Nothing but the lines from the start of the records through the line that contains "un portico in" is to be copied, and each is to be copied exactly.

═══ SUPPLIED MATERIAL

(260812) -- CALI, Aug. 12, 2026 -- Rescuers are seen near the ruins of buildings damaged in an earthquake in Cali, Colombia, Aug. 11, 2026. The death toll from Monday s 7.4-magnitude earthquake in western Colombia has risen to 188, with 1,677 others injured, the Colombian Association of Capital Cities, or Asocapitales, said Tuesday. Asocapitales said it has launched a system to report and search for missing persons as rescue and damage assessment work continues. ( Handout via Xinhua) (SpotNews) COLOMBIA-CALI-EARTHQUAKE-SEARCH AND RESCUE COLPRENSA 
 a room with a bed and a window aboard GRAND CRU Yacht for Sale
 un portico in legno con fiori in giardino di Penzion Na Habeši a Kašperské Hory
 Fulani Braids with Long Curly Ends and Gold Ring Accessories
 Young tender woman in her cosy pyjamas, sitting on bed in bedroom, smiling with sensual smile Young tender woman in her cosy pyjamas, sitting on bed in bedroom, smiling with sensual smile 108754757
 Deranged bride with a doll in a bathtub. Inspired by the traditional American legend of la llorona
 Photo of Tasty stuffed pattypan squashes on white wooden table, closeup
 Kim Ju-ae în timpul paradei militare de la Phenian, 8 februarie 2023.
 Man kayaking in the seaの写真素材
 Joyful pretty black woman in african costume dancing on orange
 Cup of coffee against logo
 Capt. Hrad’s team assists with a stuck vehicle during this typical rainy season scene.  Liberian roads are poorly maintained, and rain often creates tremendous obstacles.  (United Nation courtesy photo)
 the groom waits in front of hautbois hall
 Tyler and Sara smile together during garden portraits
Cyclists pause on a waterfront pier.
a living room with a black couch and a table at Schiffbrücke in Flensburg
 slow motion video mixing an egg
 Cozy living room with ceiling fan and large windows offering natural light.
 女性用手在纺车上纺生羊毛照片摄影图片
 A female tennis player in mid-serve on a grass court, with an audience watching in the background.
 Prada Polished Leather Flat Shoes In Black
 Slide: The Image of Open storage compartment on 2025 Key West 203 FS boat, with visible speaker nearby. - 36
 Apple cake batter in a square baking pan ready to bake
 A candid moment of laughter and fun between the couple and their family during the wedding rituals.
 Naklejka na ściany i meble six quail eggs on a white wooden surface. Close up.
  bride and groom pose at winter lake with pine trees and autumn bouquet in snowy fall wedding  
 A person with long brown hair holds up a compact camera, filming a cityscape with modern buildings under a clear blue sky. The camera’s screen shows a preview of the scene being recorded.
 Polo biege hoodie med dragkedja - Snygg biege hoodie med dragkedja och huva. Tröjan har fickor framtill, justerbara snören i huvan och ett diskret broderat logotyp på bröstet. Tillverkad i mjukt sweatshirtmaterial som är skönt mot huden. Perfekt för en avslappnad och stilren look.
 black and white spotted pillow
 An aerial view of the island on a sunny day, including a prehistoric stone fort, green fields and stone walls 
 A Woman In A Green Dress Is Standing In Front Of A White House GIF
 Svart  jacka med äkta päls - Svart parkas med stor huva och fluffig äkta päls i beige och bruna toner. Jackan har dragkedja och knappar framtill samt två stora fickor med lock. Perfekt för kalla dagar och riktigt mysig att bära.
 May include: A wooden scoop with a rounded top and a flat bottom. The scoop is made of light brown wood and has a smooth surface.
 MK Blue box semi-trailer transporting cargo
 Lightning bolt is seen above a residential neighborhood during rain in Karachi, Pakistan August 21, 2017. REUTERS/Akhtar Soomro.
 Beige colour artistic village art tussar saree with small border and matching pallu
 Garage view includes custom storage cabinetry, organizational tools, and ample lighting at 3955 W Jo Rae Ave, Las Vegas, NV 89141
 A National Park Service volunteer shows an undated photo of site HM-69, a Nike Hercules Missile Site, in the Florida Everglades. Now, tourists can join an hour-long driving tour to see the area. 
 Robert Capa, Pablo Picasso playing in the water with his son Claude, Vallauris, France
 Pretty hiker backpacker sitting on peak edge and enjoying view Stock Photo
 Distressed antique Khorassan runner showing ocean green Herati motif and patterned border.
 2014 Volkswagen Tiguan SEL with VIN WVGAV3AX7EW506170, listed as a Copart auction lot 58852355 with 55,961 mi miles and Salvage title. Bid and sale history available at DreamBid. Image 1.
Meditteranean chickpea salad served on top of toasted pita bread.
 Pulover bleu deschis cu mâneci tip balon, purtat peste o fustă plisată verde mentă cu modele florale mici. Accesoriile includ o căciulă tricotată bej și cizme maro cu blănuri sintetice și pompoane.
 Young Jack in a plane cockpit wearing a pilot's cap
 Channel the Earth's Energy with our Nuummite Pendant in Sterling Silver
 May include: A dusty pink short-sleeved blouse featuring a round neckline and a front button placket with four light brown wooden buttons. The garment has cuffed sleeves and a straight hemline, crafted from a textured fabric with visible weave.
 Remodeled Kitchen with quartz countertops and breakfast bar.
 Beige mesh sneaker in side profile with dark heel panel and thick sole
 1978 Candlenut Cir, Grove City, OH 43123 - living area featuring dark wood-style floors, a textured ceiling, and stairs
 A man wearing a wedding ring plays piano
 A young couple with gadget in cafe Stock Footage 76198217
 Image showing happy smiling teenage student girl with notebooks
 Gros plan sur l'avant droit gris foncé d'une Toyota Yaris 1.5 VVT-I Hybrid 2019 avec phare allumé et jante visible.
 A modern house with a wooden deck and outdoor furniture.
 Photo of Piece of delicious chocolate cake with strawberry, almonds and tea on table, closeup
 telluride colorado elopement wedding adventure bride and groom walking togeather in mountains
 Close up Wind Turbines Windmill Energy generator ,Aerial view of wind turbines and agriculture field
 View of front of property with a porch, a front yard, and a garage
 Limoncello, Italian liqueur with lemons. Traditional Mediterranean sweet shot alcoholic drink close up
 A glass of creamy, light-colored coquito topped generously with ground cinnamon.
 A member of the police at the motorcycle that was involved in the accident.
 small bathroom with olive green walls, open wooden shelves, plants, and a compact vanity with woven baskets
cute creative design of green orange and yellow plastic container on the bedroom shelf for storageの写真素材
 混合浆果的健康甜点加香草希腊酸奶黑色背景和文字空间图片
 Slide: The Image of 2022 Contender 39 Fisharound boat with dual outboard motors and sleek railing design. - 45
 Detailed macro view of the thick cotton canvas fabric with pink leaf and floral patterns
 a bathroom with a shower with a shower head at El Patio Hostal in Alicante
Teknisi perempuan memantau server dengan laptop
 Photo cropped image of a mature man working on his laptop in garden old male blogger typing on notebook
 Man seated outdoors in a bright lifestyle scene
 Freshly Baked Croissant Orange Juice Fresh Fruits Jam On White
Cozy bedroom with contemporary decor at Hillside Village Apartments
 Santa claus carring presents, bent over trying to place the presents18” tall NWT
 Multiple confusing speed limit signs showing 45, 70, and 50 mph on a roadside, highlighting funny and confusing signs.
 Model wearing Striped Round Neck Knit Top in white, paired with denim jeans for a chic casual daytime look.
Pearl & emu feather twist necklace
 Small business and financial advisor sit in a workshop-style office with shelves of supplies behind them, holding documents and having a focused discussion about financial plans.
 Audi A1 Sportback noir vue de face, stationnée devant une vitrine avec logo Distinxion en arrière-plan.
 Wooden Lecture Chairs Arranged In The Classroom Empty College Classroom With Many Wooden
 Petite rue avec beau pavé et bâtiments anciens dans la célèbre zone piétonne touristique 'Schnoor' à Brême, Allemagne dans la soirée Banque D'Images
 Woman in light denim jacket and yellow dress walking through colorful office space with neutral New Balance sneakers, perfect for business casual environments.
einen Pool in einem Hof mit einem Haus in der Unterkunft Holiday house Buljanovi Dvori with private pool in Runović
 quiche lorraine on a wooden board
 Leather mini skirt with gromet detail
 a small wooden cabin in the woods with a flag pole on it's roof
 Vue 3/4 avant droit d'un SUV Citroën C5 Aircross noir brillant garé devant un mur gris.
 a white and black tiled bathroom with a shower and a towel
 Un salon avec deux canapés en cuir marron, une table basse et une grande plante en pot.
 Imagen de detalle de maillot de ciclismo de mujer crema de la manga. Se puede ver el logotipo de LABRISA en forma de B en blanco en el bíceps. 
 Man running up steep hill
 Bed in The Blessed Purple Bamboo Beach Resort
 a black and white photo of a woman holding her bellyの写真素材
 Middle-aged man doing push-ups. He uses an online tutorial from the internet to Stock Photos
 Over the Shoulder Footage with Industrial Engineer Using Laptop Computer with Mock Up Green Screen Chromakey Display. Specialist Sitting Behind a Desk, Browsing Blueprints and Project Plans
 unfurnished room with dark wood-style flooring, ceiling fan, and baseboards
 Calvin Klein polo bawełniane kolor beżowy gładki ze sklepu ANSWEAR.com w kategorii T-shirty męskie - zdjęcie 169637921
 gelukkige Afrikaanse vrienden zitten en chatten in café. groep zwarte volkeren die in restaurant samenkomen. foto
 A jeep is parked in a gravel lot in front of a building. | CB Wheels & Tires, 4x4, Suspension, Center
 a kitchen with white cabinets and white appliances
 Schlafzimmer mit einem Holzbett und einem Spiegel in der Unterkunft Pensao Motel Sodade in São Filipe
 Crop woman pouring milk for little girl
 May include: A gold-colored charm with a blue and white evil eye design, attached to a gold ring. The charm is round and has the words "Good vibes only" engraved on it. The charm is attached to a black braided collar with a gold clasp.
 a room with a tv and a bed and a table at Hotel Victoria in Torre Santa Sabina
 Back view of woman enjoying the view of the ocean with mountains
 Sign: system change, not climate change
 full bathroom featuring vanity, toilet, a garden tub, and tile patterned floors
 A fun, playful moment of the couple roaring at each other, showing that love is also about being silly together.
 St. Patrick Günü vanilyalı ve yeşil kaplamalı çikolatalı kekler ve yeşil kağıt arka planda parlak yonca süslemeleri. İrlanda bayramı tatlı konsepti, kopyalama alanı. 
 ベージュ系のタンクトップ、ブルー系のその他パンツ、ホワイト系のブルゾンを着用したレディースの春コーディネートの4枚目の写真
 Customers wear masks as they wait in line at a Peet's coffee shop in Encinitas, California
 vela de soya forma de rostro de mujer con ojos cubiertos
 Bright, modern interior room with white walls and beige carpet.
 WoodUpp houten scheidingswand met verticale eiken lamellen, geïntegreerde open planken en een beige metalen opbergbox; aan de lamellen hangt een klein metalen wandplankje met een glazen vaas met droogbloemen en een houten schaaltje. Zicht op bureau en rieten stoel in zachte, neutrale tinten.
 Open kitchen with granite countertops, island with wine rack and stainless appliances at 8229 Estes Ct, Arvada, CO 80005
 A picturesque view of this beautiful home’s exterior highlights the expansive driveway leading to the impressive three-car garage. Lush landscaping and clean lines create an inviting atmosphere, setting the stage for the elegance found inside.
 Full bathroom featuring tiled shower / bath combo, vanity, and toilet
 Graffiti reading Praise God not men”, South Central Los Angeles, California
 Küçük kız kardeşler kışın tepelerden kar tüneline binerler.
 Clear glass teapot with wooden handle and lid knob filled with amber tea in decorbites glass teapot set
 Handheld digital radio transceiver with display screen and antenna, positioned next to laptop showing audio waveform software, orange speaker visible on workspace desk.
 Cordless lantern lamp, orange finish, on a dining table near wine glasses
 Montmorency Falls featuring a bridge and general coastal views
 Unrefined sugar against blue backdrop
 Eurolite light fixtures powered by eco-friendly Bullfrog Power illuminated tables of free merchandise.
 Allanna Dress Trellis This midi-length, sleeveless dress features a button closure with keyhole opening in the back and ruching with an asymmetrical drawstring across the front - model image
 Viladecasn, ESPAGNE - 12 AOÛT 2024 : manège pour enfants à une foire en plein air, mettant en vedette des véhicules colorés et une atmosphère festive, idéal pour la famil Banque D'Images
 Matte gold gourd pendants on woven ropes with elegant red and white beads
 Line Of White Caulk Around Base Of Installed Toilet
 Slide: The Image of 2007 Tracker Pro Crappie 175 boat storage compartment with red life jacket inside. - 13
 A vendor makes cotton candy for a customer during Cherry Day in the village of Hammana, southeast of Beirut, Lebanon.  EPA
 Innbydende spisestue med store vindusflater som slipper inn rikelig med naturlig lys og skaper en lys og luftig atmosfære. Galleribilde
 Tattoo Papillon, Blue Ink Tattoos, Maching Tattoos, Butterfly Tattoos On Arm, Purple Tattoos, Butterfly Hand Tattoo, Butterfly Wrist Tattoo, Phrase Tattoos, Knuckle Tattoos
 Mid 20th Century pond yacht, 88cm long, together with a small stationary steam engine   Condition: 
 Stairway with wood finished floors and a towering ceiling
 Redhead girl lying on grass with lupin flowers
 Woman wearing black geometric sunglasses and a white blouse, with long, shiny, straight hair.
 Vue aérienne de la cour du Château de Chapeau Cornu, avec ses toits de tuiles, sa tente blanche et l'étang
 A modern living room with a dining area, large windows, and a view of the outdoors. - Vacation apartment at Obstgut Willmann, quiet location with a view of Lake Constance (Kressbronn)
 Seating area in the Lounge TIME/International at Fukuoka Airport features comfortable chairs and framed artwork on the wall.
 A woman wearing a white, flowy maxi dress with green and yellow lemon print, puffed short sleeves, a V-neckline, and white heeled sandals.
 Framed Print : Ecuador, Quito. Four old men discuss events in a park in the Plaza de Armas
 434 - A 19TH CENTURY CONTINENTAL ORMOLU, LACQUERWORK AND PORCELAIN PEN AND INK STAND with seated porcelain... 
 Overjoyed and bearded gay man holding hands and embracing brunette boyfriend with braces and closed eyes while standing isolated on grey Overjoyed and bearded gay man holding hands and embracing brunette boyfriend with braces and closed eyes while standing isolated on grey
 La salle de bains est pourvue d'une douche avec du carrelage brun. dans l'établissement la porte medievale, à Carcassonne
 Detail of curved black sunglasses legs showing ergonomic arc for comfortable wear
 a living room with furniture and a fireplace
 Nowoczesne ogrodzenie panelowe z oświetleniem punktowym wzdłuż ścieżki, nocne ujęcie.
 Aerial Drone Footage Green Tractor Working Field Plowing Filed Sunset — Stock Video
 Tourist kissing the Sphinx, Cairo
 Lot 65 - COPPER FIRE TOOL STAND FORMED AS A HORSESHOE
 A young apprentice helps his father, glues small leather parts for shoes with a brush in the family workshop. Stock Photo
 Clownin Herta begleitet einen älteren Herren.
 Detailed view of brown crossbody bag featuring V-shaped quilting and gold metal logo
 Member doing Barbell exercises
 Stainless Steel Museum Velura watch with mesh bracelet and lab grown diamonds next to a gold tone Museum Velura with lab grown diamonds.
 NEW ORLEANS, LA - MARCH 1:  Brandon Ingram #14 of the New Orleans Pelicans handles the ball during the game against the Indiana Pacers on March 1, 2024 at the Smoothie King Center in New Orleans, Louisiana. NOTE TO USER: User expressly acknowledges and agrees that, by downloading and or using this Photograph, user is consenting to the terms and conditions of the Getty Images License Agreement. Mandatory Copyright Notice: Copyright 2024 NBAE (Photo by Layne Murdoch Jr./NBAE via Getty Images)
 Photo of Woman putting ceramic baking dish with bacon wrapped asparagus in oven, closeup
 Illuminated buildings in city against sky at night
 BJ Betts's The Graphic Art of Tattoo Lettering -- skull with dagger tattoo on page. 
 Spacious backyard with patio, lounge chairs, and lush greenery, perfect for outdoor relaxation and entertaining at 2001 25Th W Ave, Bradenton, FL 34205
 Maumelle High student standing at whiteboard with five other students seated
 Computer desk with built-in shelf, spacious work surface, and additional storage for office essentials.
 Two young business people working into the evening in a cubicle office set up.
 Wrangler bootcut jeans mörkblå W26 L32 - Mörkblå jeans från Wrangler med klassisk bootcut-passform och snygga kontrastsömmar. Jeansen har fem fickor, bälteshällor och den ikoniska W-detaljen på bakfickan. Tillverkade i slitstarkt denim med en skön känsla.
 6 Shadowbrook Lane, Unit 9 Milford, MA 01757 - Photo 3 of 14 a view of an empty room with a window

══════

* _WRITTEN RESPONSE_:
(260812) -- CALI, Aug. 12, 2026 -- Rescuers are seen near the ruins of buildings damaged in an earthquake in Cali, Colombia, Aug. 11, 2026. The death toll from Monday s 7.4-magnitude earthquake in western Colombia has risen to 188, with 1,677 others injured, the Colombian Association of Capital Cities, or Asocapitales, said Tuesday. Asocapitales said it has launched a system to report and search for missing persons as rescue and damage assessment work continues. ( Handout via Xinhua) (SpotNews) COLOMBIA-CALI-EARTHQUAKE-SEARCH AND RESCUE COLPRENSA 
 a room with a bed and a window aboard GRAND CRU Yacht for Sale
 un portico in legno con fiori in giardino di Penzion Na Habeši a Kašperské Hory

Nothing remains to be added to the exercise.